» **DATA**
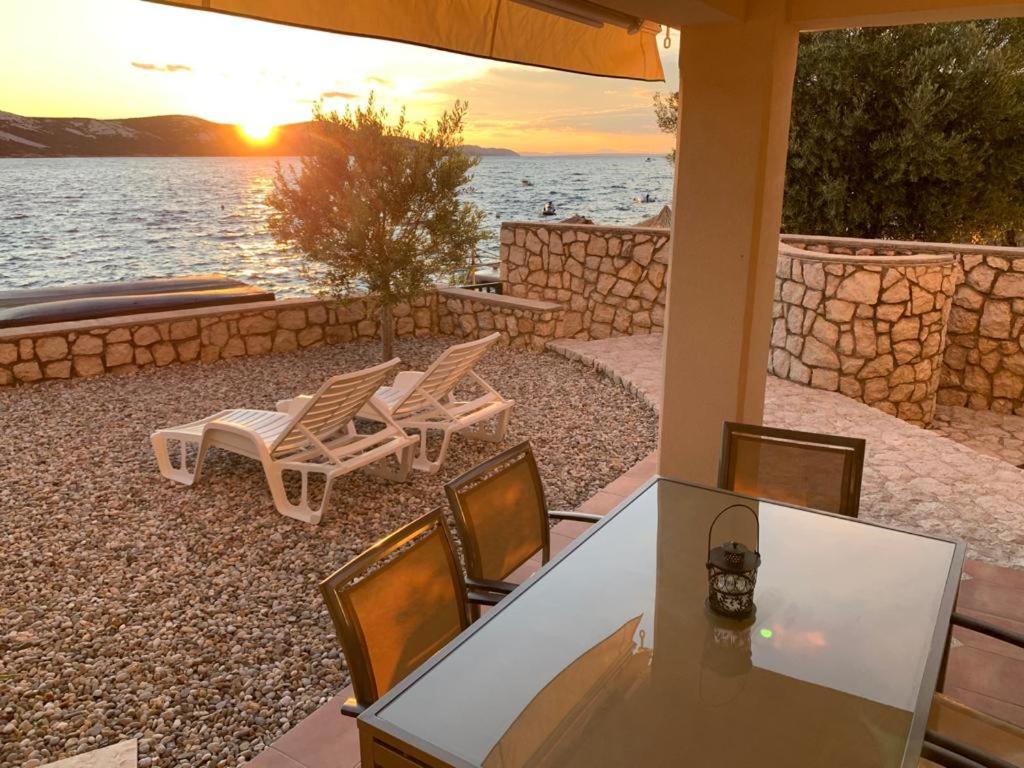 a table and chairs on a patio with a view of the water at Apartments Andrea in Stara Novalja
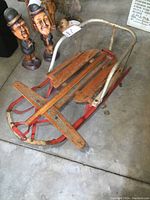 Side angle view of vintage kids wooden and metal sleigh with red runners and white handlebar, showing aged wear.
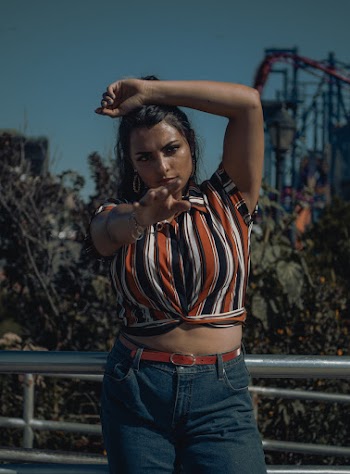 Woman Wearing Orange and Black Stirped Crop Top
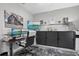 Modern home office with sleek black cabinets, dual monitors, and stylish decor accents at 7114 Mill Hopper Ct, Palmetto, FL 34221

» **WHAT YOU SHOULD DO**
Every line above should be output exactly, except for the pictures.

» **THE COMPLETED TASK**
 a table and chairs on a patio with a view of the water at Apartments Andrea in Stara Novalja
 Side angle view of vintage kids wooden and metal sleigh with red runners and white handlebar, showing aged wear.
 Woman Wearing Orange and Black Stirped Crop Top
 Modern home office with sleek black cabinets, dual monitors, and stylish decor accents at 7114 Mill Hopper Ct, Palmetto, FL 34221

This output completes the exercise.